Giter Club home page Giter Club logo

localizer's Introduction

What is LOCALIZER?

LOCALIZER is a machine learning method for predicting the subcellular localization of both plant proteins and pathogen effectors in the plant cell. It can currently predict localization to chloroplasts and mitochondria using transit peptide prediction and to nuclei using a collection of nuclear localization signals (NLSs).

You can submit your proteins of interest to the webserver at http://localizer.csiro.au/ or install it locally. All training and evaluation data can be found here.

Installing LOCALIZER

LOCALIZER has been written in Python and uses pepstats from the EMBOSS software and the WEKA 3.6 software. It also requires that you have Perl and BioPython installed. LOCALIZER from version 1.0.5 inclusive uses Python 3.

To get LOCALIZER to work on your local machine, you need to install the EMBOSS and WEKA softwares from source. Both are already provided in the LOCALIZER distribution to ensure that compatible versions are used.

  1. Download the latest release from this github repo (or alternatively you can clone the github repo and skip step 1).

  2. Make sure LOCALIZER has the permission to execute. Then unpack LOCALIZER in your desired location

tar xvf LOCALIZER-1.0.5.tar.gz
chmod -R 755 LOCALIZER-1.0.5/
cd LOCALIZER-1.0.5
  1. For the EMBOSS installation, you need to switch to the Scripts directory and unpack, configure and make. Alternatively, if you are on a computer cluster and EMBOSS is already installed, you can change the variable PEPSTATS_PATH in the LOCALIZER.py script to the EMBOSS directory that contains pepstats on the machine you are using.
cd Scripts
tar xvf emboss-latest.tar.gz
cd EMBOSS-6.5.7/
./configure
make
cd ../ 
  1. For WEKA, you need to simply unzip the file weka-3-6-12.zip
unzip weka-3-6-12.zip

If you are having troube installing EMBOSS, please see here for help. If you are having troube installing WEKA, please see here for help.

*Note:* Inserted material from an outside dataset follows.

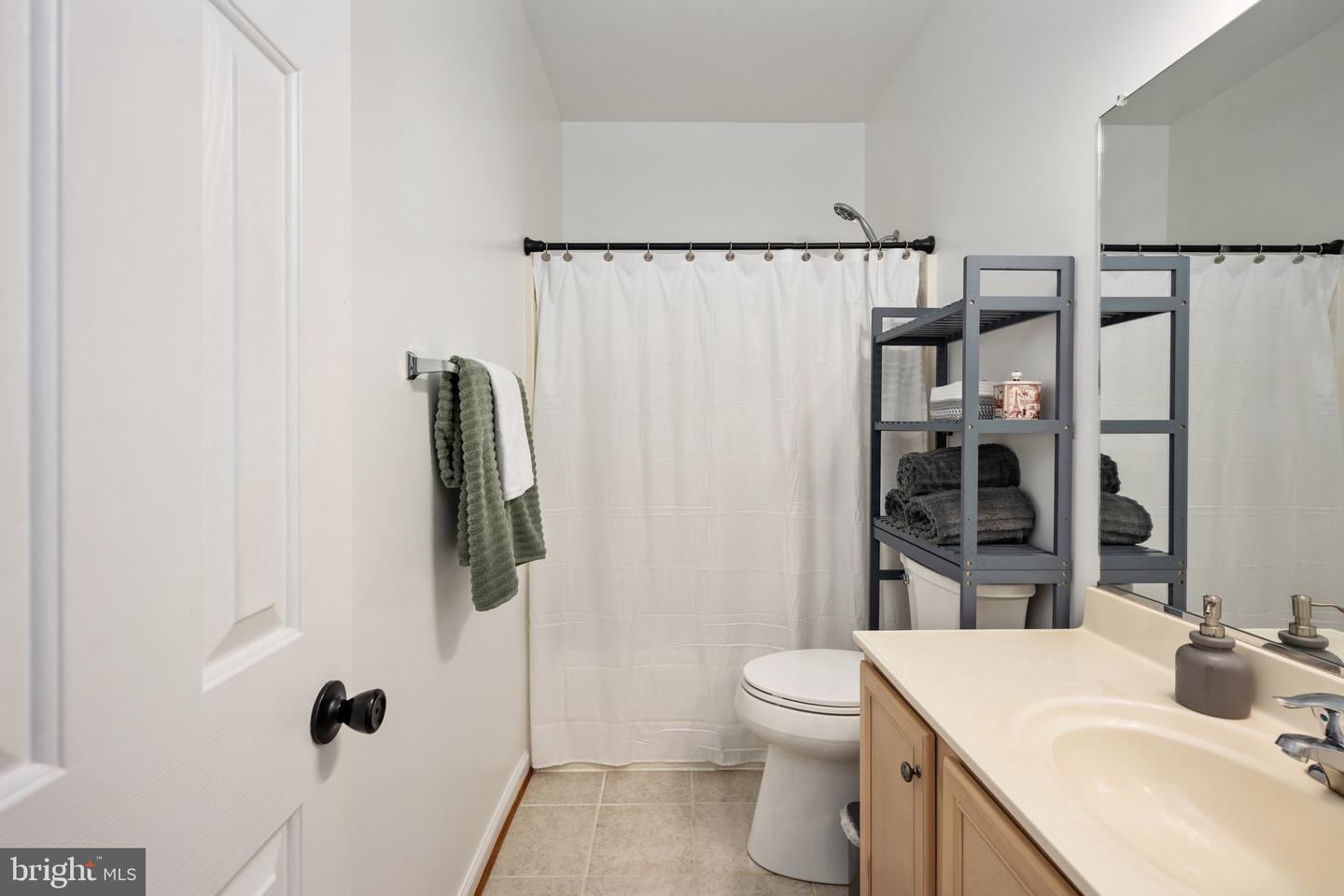 17 SAINT CLAIRES CT, STAFFORD, Virginia 22556, 5 Bedrooms Bedrooms, ,3 BathroomsBathrooms,Residential,For sale,17 SAINT CLAIRES CT,VAST2040142 MLS # VAST2040142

  1. Test if LOCALIZER is working
python LOCALIZER.py -e -i Effector_Testing.fasta
  1. Problems?

If you are getting an error message like 'ImportError: No module named Bio', you need to install BioPython on your computer. See here for help. For example, you can try and run:

pip install biopython

Note also that you need PERL to be installed on your computer for running NLStradamus.

Running LOCALIZER on plant data

For plant protein localization prediction, submit full-length sequences and run it in 'plant mode' (option -p). Do not submit short sequence fragments to LOCALIZER, it expects the full protein sequences.

python LOCALIZER.py -p -i Plant_Testing.fasta

LOCALIZER will then search for transit peptides in the N-terminus and for nuclear localization signals in the sequence.

Running LOCALIZER on effector data

For effector protein localization prediction, submit full-length sequences and run it in 'effector mode' (option -e). Do not submit short sequence fragments to LOCALIZER, it expects the full protein sequences.

It is recommended to use tools such as SignalP or Phobius to predict first if a protein is likely to be secreted and to obtain the mature sequences without the signal peptide. Alternatively, provide full sequences and let LOCALIZER delete the first 20 aas as the putative signal peptide region.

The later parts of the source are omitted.